Cevap Ver Kipalı Biden

Kıbrıs’ı ziyaretinde KKTC’yi adeta yok sayarak, “adanın tek meşru hükümetinin Rum Hükümeti olduğunu” savunan ABD Başkan Yardımcısı Siyonist Joe Biden’e en anlamlı tepki Kıbrıs TMT Mücahitler Derneği’nden geldi.

Cevap Ver Kipalı Biden
ABD Başkan Yardımcısı Siyonist Joe Biden, Kıbrıs ziyaretinde KKTC’yi adeta yok saydı. Kıbrıs Türk Cumhurbaşkanı Derviş Eroğlu’yla görüşmesinin KKTC’yi tanımak anlamına gelmediğini söyleyen Biden Kıbrıs’ın'tek meşru hükümetinin’ bulunduğunu, bunun da güneydeki Rum kesiminde olduğunu ve ziyaretinin bunu değiştirmeyeceğini savundu.
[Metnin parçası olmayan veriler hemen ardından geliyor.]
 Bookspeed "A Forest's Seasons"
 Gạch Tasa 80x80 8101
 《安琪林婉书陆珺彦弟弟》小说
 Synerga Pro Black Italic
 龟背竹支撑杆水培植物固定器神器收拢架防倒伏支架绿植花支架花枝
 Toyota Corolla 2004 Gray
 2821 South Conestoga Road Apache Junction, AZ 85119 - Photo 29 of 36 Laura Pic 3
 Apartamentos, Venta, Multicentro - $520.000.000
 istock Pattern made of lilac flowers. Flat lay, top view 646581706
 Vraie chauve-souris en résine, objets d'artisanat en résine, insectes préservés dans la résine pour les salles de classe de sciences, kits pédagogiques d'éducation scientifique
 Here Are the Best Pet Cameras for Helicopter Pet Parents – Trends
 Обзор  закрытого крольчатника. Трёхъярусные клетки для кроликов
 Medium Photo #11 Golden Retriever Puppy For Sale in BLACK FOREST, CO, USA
Kıbrıs’ı ziyaretinde KKTC’yi adeta yok sayarak, “adanın tek meşru hükümetinin Rum Hükümeti olduğunu” savunan ABD Başkan Yardımcısı Siyonist Joe Biden’e en anlamlı tepki Kıbrıs TMT Mücahitler Derneği’nden geldi.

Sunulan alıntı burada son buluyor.